- **WHAT THE EXERCISE ASKS**
Within the material below, transcribe exactly the lines from the one holding "Radiant Brilliance: 10kt" through the one holding "Hourglass Abstract Midcentury", keeping both ends and skipping the rest.

[[ THE DATA open ]]

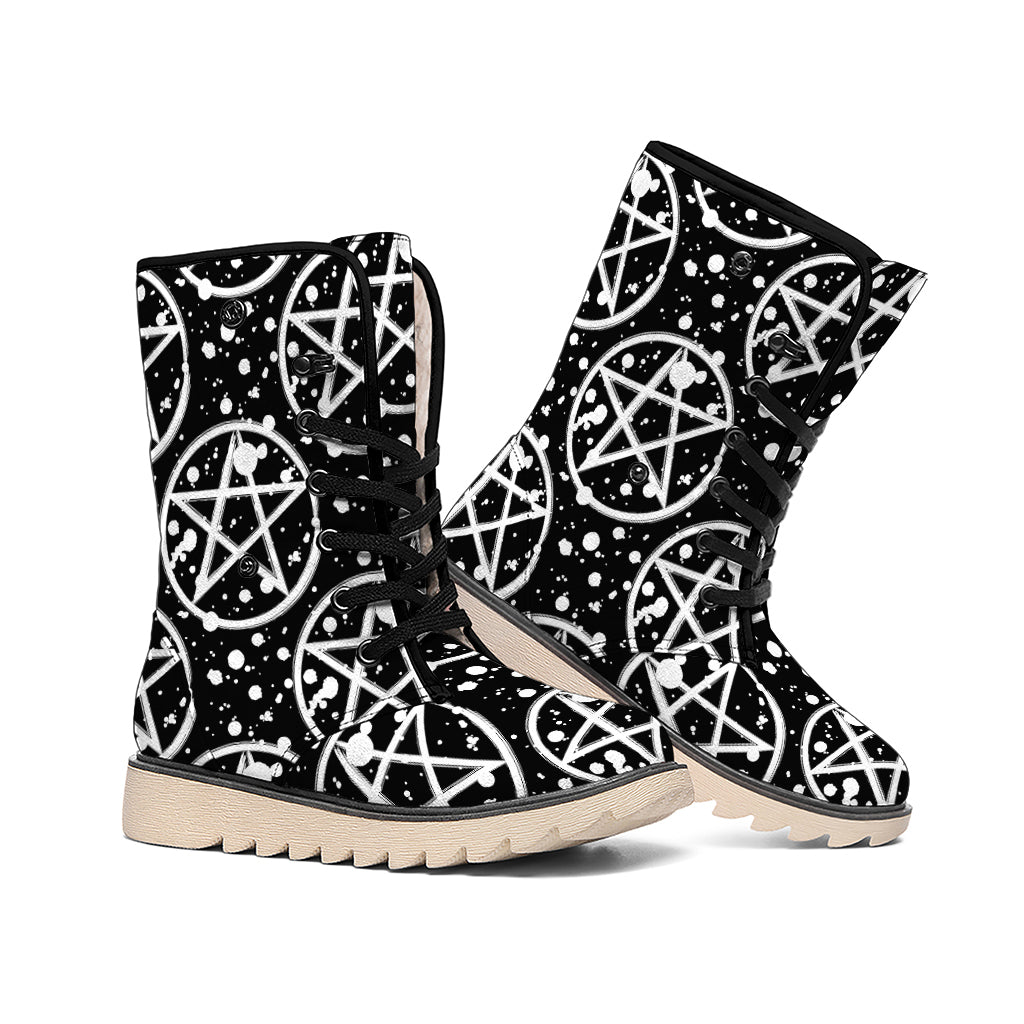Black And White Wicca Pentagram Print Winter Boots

[[ THE DATA closed ]]
[[ THE DATA open ]]

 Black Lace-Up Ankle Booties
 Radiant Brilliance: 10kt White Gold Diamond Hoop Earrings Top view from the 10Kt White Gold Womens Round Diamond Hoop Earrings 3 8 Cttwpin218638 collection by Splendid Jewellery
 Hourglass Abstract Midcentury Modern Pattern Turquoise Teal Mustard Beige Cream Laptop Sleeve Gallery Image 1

[[ THE DATA closed ]]
[[ THE DATA open ]]

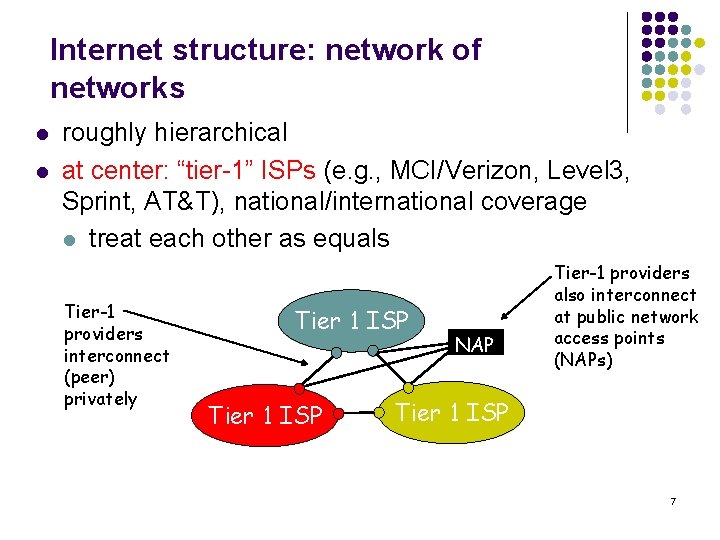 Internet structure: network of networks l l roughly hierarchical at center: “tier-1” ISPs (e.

[[ THE DATA closed ]]

- **PROBLEM SOLUTION**
 Radiant Brilliance: 10kt White Gold Diamond Hoop Earrings Top view from the 10Kt White Gold Womens Round Diamond Hoop Earrings 3 8 Cttwpin218638 collection by Splendid Jewellery
 Hourglass Abstract Midcentury Modern Pattern Turquoise Teal Mustard Beige Cream Laptop Sleeve Gallery Image 1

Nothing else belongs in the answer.